Hidayatullah.com– Jika menurut Anda Jakarta adalah kota yang memiliki tingkat lalu lintas paling semrawut, sepertinya harus dipikir ulang.
Ya, pasalnya ada kota yang lebih semrawut lagi, yakni, Dhaka, Bangladesh. Bagaimana tidak, setiap kendaraaan, baik mobil pribadi, bus, maupun sepeda motor menyalip dengan seenaknya, bahkan dengan kecepatan tinggi.
Menurut pantauan hidayatullah.com, sepertinya semua pengemudi ingin bergegas sampai tujuan.
Tak hanya itu, semua juga saling membunyikan klakson, walaupun jarak antara satu kendaraaan dengan yang lain cukup jauh.
Bagi yang tidak terbiasa, tentu itu membuat bising. Namun, bagi masyarakat Bangladesh, itu hal yang lumrah.

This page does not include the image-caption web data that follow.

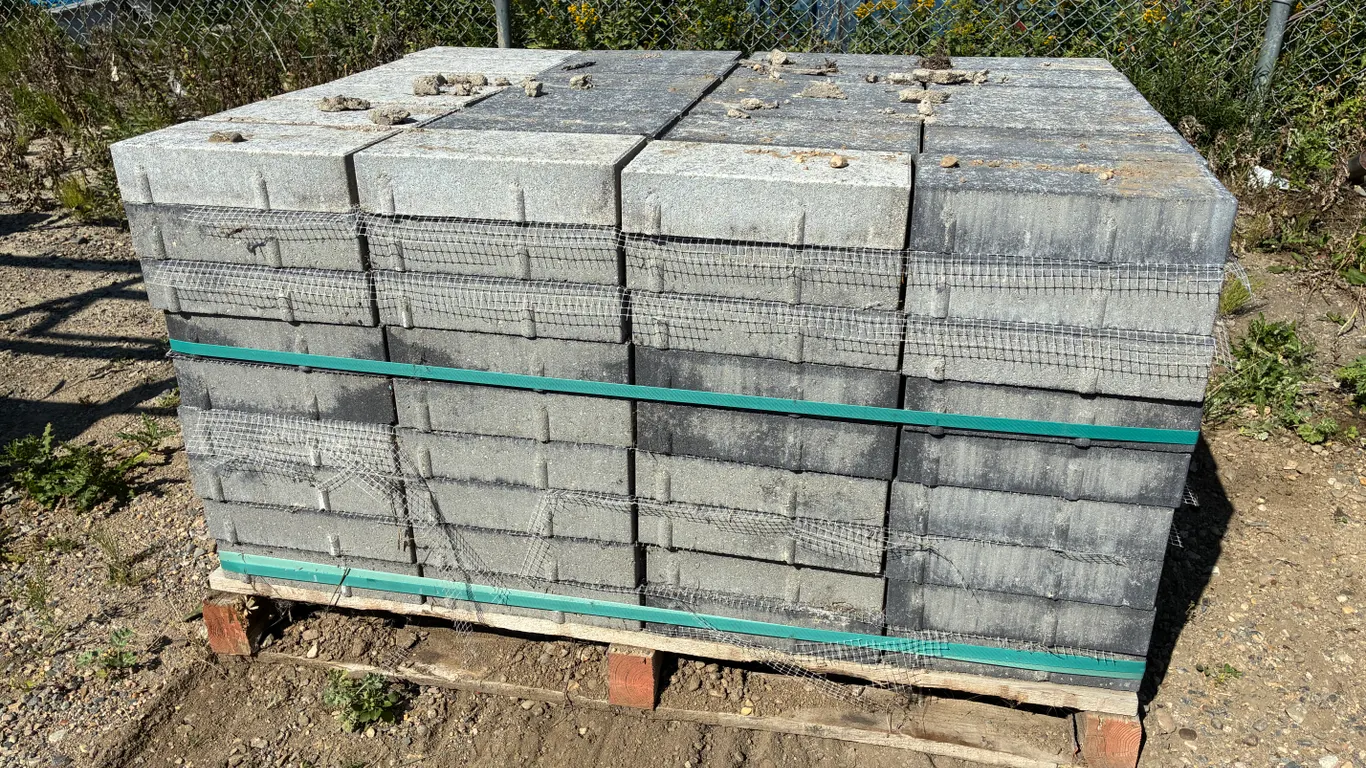 Pallet of Bricks 1' x 6" x 2.5"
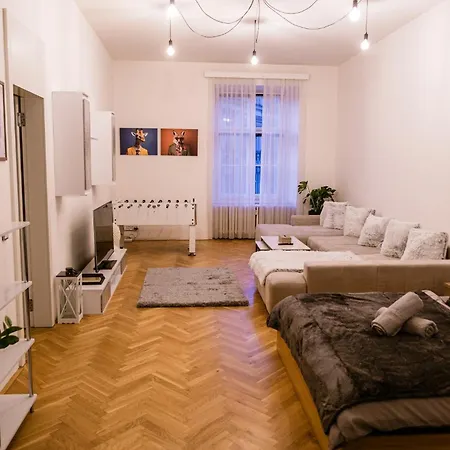 Stylish In The Heart Of Appartement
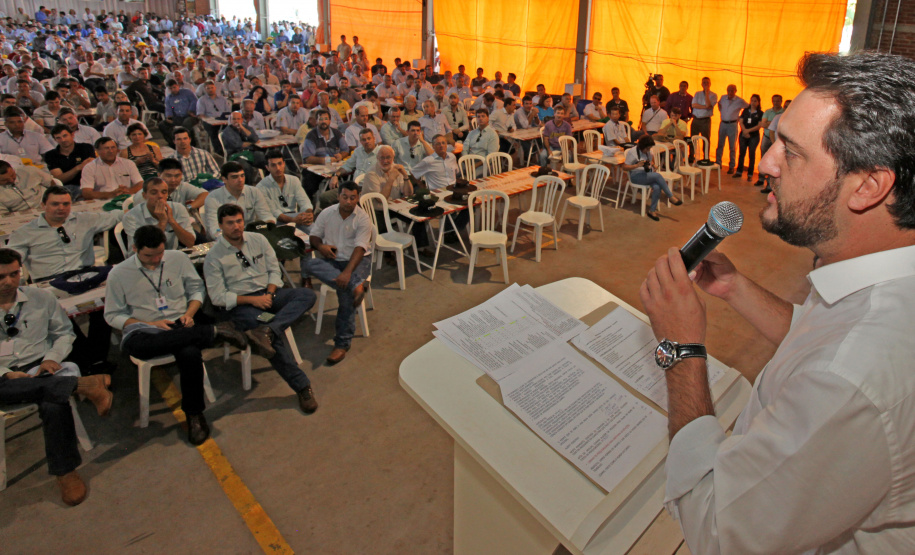 Ratinho Junior anuncia investimentos para obras em Campo Mourão no 29º Encontro de Cooperados na Fazenda Experimental Coamo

“Ya, beginilah setiap hari, semua orang yang berkendara membunyikan klakson,” kata supir yang membawa kami menuju sebuah hotel tempat menginap.
Selain itu, sepanjang jalan sangat jarang sekali marka jalan. Seperti larangan parkir di badan jalan (P), dilarang berhenti (S), ataupun zebracross.
Anehnya, jika kendaraan mereka saling tersenggol, tidak ada pengemudi yang marah dan mengotot.
Awak media ini juga tidak melihat garis pemisah kendaraan di jalan raya, seperti halnya di Indonesia.
Kemacetan juga terjadi di banyak jalan protokol Bangladesh. Tapi kami tidak pernah melihat polisi lalu lintas yang mengurai kemacetan.
“Polisi di Bangladesh tidak bekerja untuk itu,” kata Ruhul, pemandu kami selama di Cox’s Bazar, Bangladesh.
Di Cox’s Bazar juga tidak ada lampu lalu lintas dan pos polisi. Bahkan tidak ada pengendara sepeda motor yang memakai helm, baik yang sendiri maupun yang berboncengan bertiga sekalipun.
“Tidak masalah tanpa helm,” kata Murad, warga Bangladesh yang menemani kami yang merasakan sendiri saat dibonceng bertiga melewati polisi dan tidak ditegur, apalagi ditilang.
Baca: Di Makkah Antar Anak ke Sekolah dengan Motor Melanggar Lalu Lintas
Jika Anda keluar dari Bandara Internasional Dhaka, jangan kaget jika bus-bus yang berlalu lalang seperti kondisi Jakarta antara tahun 1980 dan 1990-an. Tidak hanya bus, truk yang berlalu lalang juga buatan tahun 80-90an.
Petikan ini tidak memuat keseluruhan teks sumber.